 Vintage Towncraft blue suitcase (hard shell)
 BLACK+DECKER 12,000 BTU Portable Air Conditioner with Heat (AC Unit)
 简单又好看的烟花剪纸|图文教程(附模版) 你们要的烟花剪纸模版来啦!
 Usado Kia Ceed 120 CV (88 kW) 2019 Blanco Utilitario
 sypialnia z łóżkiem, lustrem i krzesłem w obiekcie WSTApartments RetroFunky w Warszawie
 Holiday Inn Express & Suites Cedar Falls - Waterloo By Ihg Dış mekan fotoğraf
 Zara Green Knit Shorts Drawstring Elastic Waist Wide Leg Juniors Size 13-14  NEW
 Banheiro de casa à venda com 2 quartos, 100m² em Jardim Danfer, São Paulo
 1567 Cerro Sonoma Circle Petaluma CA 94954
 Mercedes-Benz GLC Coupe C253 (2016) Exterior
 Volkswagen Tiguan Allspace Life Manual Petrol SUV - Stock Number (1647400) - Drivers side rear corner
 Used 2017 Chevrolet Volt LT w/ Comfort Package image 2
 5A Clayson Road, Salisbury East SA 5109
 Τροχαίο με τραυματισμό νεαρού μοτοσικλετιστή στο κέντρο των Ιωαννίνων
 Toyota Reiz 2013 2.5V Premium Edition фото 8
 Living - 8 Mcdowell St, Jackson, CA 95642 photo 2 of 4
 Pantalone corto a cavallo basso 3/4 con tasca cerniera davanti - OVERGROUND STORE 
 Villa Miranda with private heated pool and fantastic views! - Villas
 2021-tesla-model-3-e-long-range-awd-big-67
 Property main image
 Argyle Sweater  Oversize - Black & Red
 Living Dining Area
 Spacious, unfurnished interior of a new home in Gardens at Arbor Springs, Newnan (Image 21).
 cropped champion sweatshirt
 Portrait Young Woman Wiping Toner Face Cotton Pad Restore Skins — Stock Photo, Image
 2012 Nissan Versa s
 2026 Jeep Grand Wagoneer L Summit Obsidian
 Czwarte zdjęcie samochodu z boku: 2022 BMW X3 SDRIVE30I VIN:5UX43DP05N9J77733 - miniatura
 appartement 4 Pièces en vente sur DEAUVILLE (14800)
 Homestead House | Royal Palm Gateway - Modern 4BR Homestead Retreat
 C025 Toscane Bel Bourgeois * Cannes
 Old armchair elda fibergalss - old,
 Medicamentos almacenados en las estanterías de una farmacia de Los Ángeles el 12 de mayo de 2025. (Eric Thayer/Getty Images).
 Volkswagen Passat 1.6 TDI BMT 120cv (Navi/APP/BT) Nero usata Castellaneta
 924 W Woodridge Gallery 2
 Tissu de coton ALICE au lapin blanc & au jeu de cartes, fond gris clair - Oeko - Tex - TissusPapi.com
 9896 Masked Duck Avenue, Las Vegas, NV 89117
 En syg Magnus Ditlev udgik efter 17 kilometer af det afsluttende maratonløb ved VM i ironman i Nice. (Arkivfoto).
- - - -
* [ASSIGNED TASK]:
Provide every line from the material that contains the word "Living".

* [ANSWER BELOW]:
 Living - 8 Mcdowell St, Jackson, CA 95642 photo 2 of 4
 Living Dining Area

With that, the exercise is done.